Del Mistro Greta, Cervo Silvia, Mansutti Elena, Spizzo Riccardo, Colombatti Alfonso, Belmonte Pietro, Zucconelli Renzo, Steffan Agostino, Sergo Valter, Bonifacio Alois
Department of Engineering and Architecture, University of Trieste, Via Valerio 6a, 34127, Trieste, TS, Italy.
Anal Bioanal Chem. 2015 May;407(12):3271-5. doi: 10.1007/s00216-015-8610-9. Epub 2015 Mar 20.
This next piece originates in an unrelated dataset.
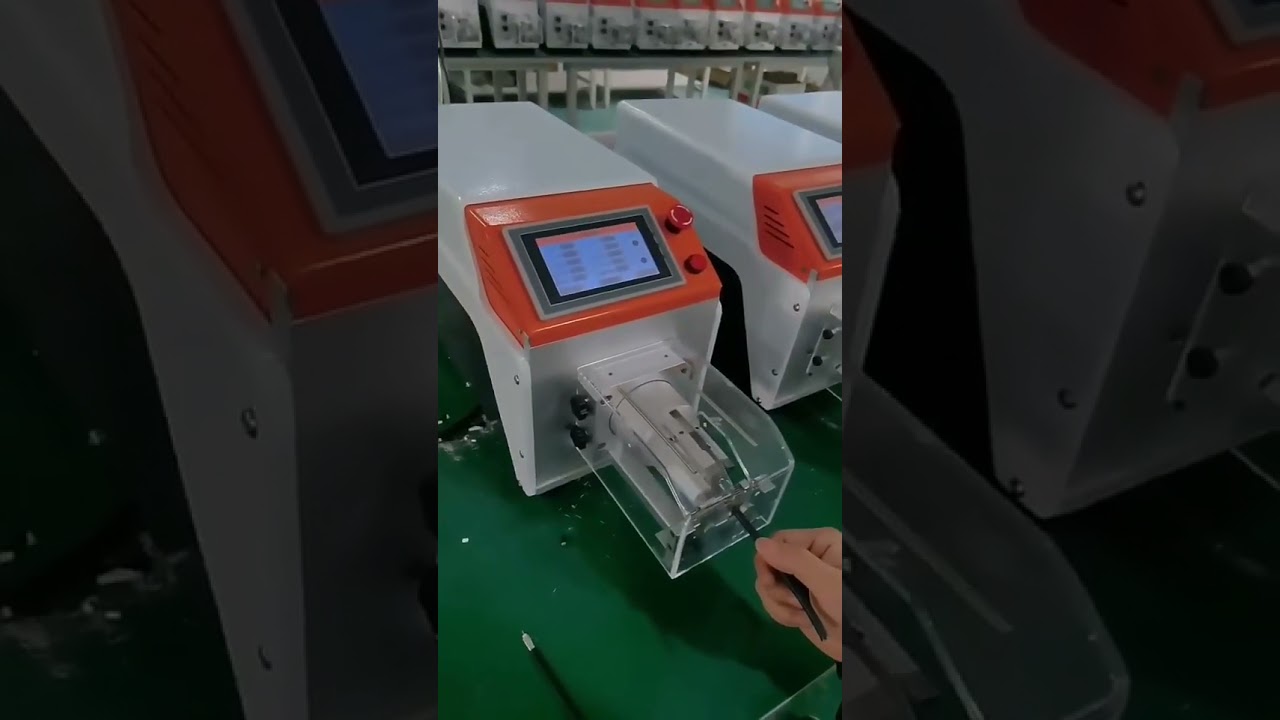 Automatic Coaxial Cable Stripping Machine for Over-Sheath Peeling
Surface-enhanced Raman scattering (SERS) spectra were obtained from urine samples from subjects diagnosed with prostate cancer as well as from healthy controls, using Au nanoparticles as substrates. Principal component analysis (PCA) of the spectral data, followed by linear discriminant analysis (LDA), leads to a classification model with a sensitivity of 100 %, a specificity of 89 %, and an overall diagnostic accuracy of 95 %. Even considering the very limited number of samples involved in this report, preliminary results from this approach are extremely promising, encouraging further investigation.
使用金纳米颗粒作为底物,从被诊断患有前列腺癌的受试者以及健康对照者的尿液样本中获取了表面增强拉曼散射(SERS)光谱。对光谱数据进行主成分分析(PCA),然后进行线性判别分析(LDA),得到了一个分类模型,其灵敏度为100%,特异性为89%,总体诊断准确率为95%。即使考虑到本报告中涉及的样本数量非常有限,这种方法的初步结果也极有前景,有望鼓励进一步的研究。